Earlier that year, I’d applied to graduate school and had the most stressful semester of my academic career. This caused me to gain weight, and by the time Coachella came around, I didn’t have the “summer bod” I’d wanted.
Accessories like metal necklaces and cowboy hats were a little more fun to shop for since at least I didn’t have my low-self-esteem reminding me that nothing fit right on my body. But when I tried on floral prints and cowboy boots, and outfit after outfit, I couldn’t shake that uncomfortable feeling. I’d spent days and nights on social media leading up to this shopping trip, hoping inspiration from Coachella veterans would help me obtain the perfect festival wardrobe with a broke college student’s budget. Eventually, despite my trials and tribulations in the dressing room, I put three outfits together from my thrift store finds.

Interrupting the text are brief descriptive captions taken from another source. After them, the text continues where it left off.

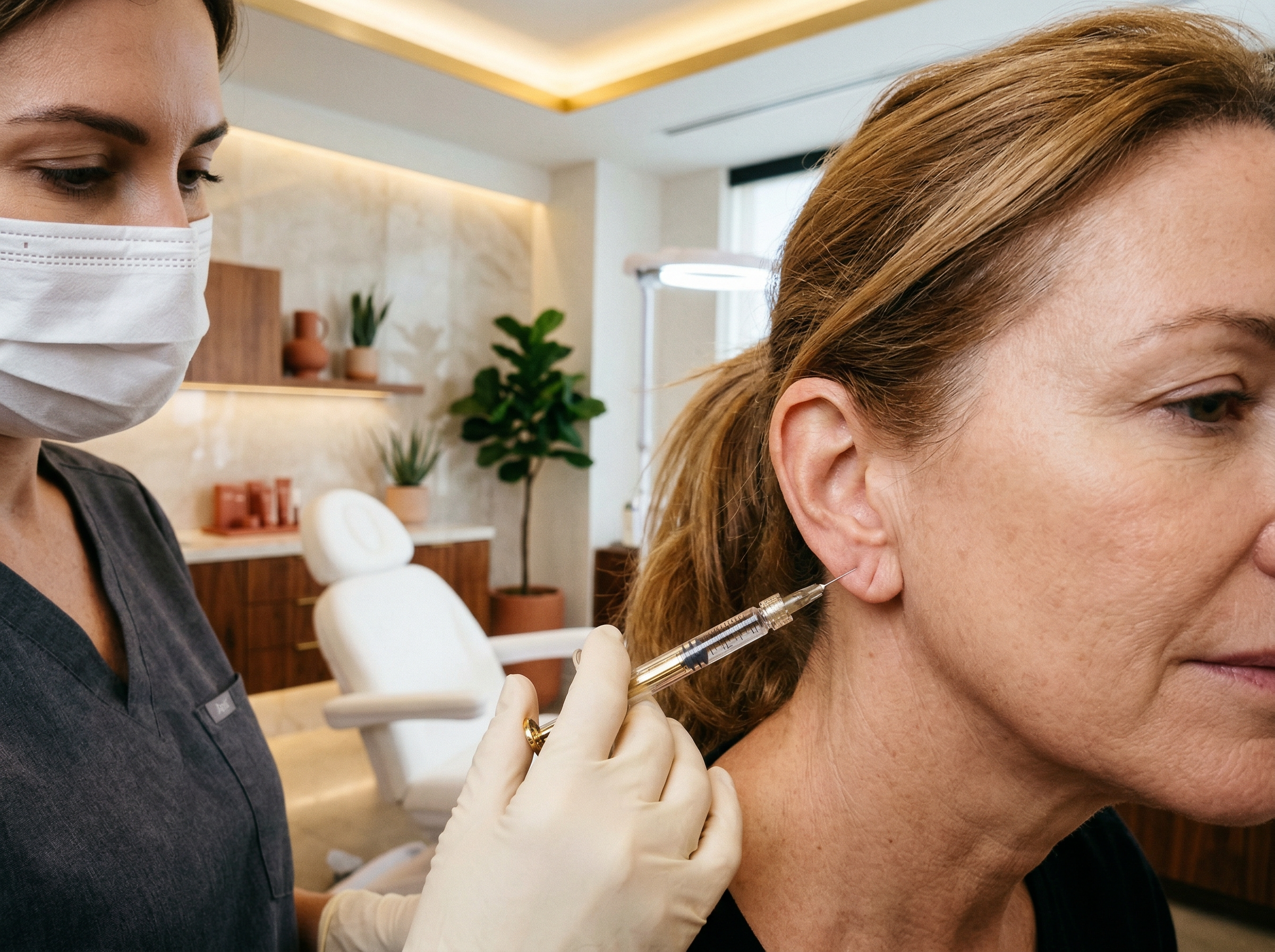 An elegant dermatology clinic scene with dermal filler positioned near an aging earlobe in warm golden lighting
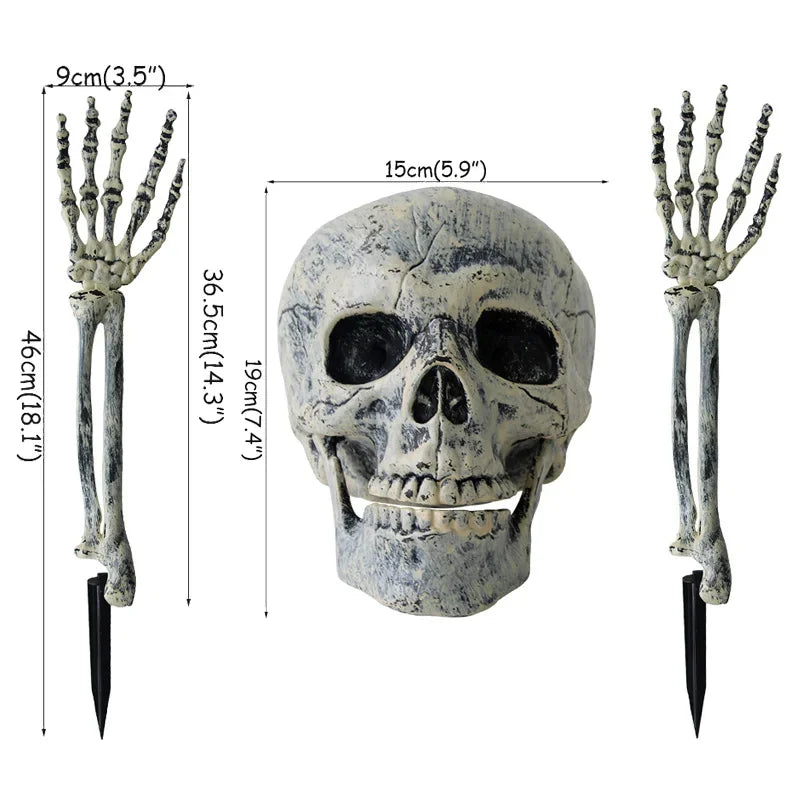 2025 Halloween Decoration Scary Skull Skeleton Hand Bone Realistic Skull Pile Yard Lawn Pile Garden Cemetery Home Decor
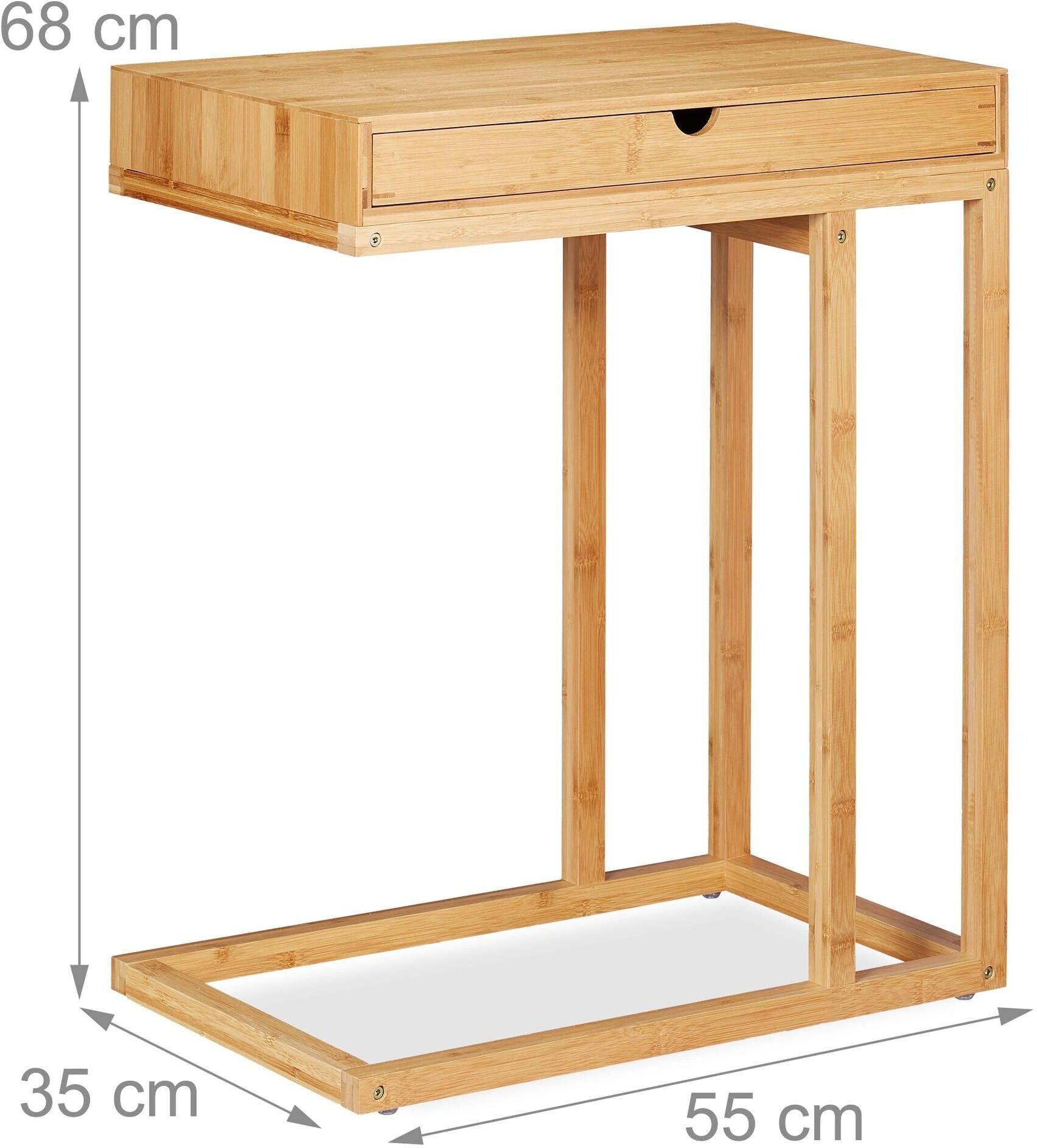 Beistelltisch RELAXDAYS "mit Schubfach 55 cm x 68 cm", braun (hellbraun), B:55cm H:68cm T:35cm, Tische, Beistelltisch hellbraun B/H/T: 55cm x 68cm x 35cm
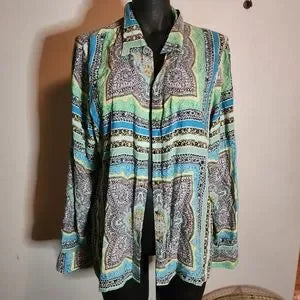 Ellen Tracy paisley print blouse.  Sz XL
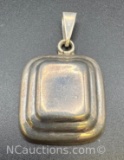 Sterling Silver Mexico Square Pendant 13 Grams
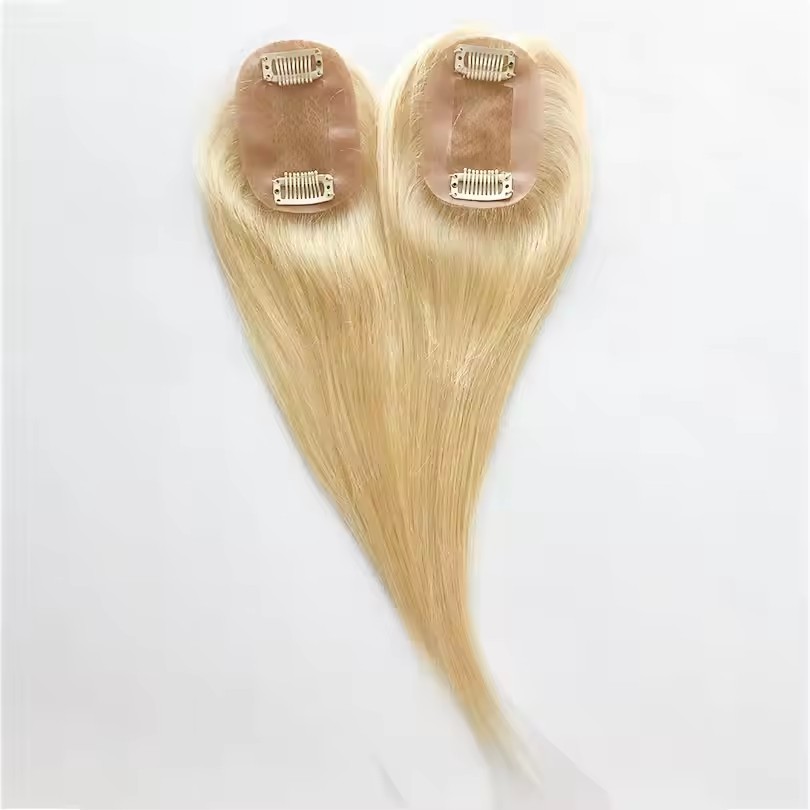 6x9 cm Blonde #613 Silk Base Women Topper Hairpieces for Hair Loss Volume Cover Grey Hair Straight Virgin Human Hair Toppen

With my “festival fashion” anxiety somewhat handled, I was pretty excited to head to the desert with my boyfriend.
Even with my uneasiness, arriving to the festival felt like floating into a kind of nirvana as loud music echoed into the desert mountains. I indulged in food, drank my weight in cocktails, danced the night away, and slept under the desert stars. It was magical.
Still though, I was comparing myself to the women around me — which, naturally, wasn’t good for my self-esteem. I felt so inspired by the boldness, creativity, and artistic style of the women at Coachella — but I wished I too could walk around in those outfits with their confidence. This need to have the perfect outfit accompanied by the “right” body came from societal expectations of what a Coachella-goer should look like.
When I envision a woman at Coachella, I don’t think about a thick, brown, Latinx woman like me — I think about a tall, thin, white, blonde woman wearing fringe, cowboy boots, and oversized sunglasses.
However, actually being at Coachella that weekend showed me something beautiful: This space had brought women of all backgrounds, skin colors, and sizes together — and I belonged in that space (I even met my best friend, Megan!). It was thrilling — and reassuring — to see so many women of color with diverse body types on the festival grounds. I soon befriended the group of women in the campsite next to ours, and they made me feel like part of an inclusive community as we celebrated the festival’s intersection of fashion, music, pleasure, and art.
My new girlfriends and I glammed up together each morning, and they empowered me to feel strong and beautiful — whether or not I fit the image of the “perfect” Coachella-attendee.